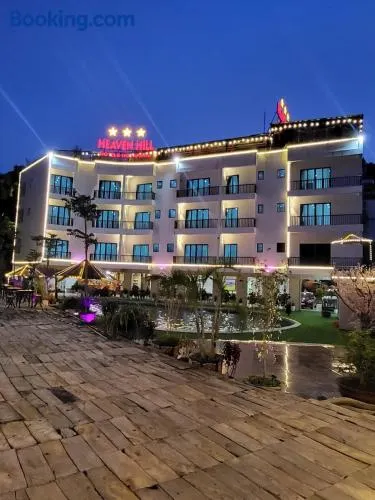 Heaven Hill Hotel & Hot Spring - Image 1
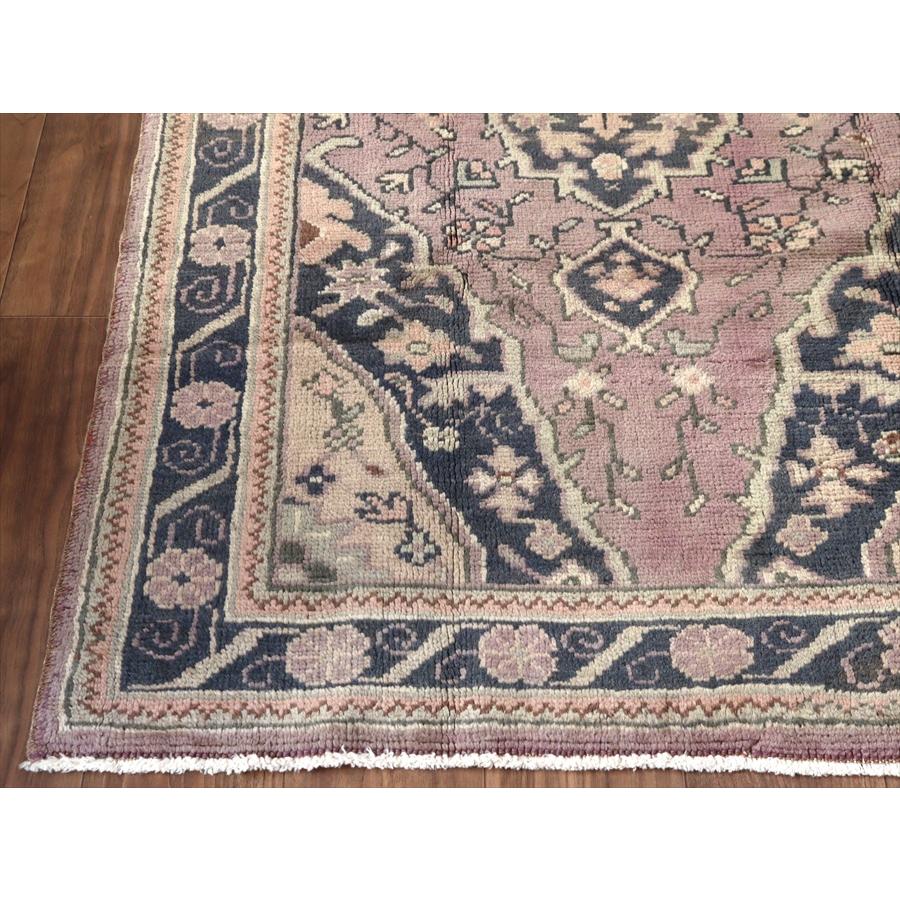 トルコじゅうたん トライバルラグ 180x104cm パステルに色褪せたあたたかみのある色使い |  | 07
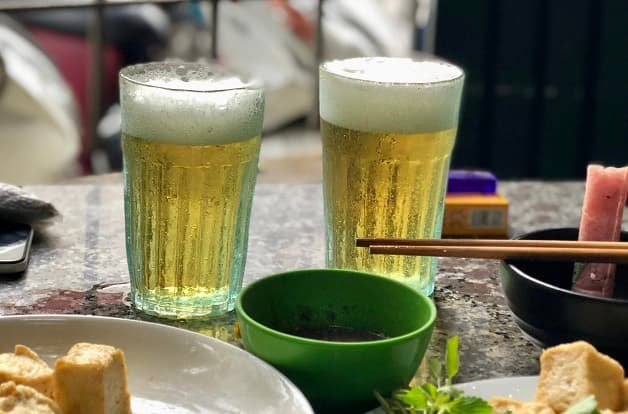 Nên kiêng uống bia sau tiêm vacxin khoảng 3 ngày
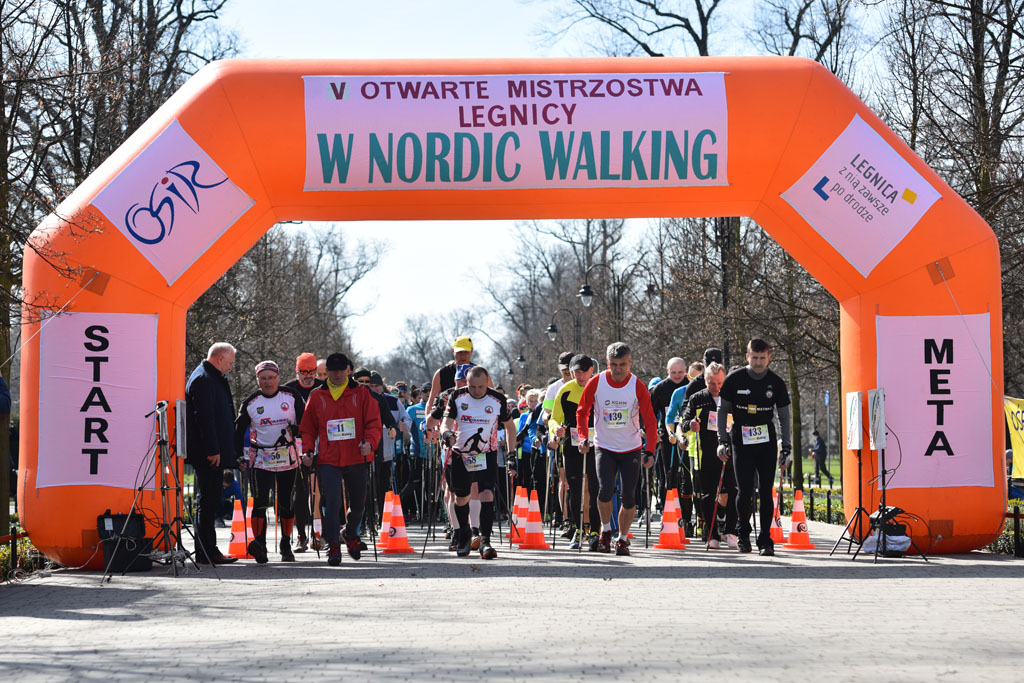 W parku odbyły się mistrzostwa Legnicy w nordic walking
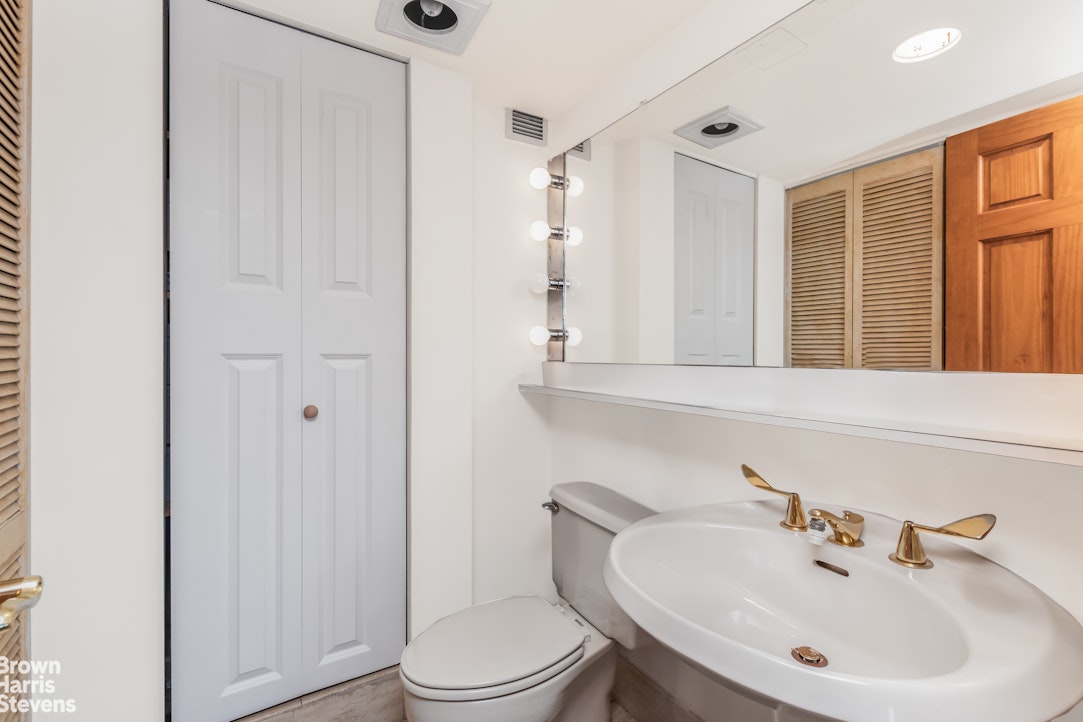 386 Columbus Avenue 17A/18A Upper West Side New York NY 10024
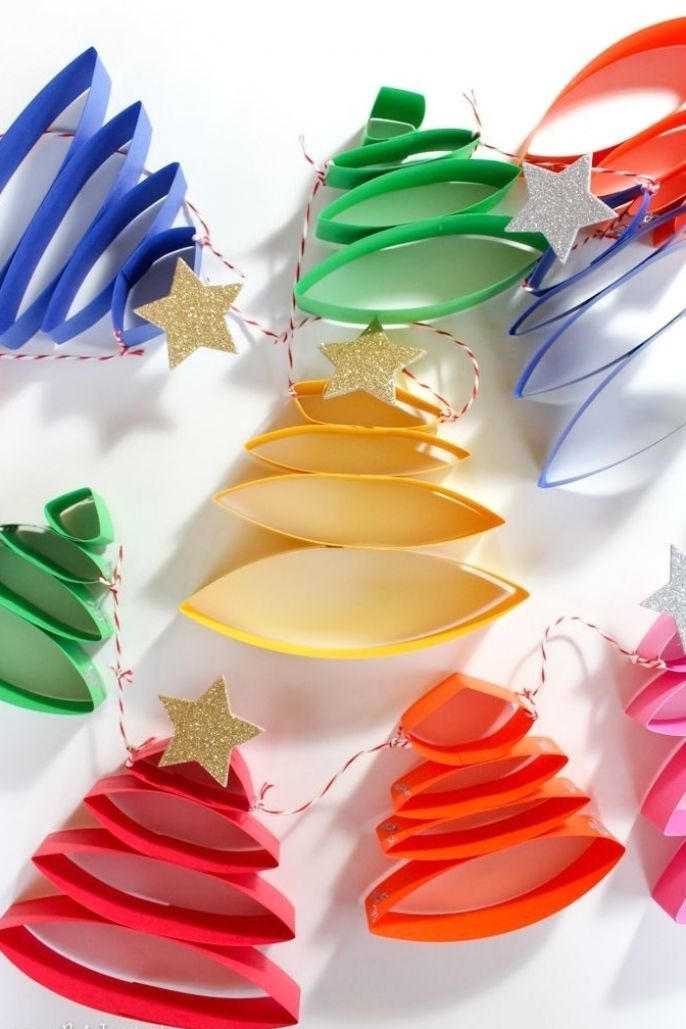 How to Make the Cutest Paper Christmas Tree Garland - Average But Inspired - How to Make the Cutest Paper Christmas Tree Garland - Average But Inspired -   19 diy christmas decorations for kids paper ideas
§ §
• What to do:
Can you restate all the records above word for word while dropping the pictures?

• Task solution:
 Heaven Hill Hotel & Hot Spring - Image 1
 トルコじゅうたん トライバルラグ 180x104cm パステルに色褪せたあたたかみのある色使い |  | 07
 Nên kiêng uống bia sau tiêm vacxin khoảng 3 ngày
 W parku odbyły się mistrzostwa Legnicy w nordic walking
 386 Columbus Avenue 17A/18A Upper West Side New York NY 10024
 How to Make the Cutest Paper Christmas Tree Garland - Average But Inspired - How to Make the Cutest Paper Christmas Tree Garland - Average But Inspired -   19 diy christmas decorations for kids paper ideas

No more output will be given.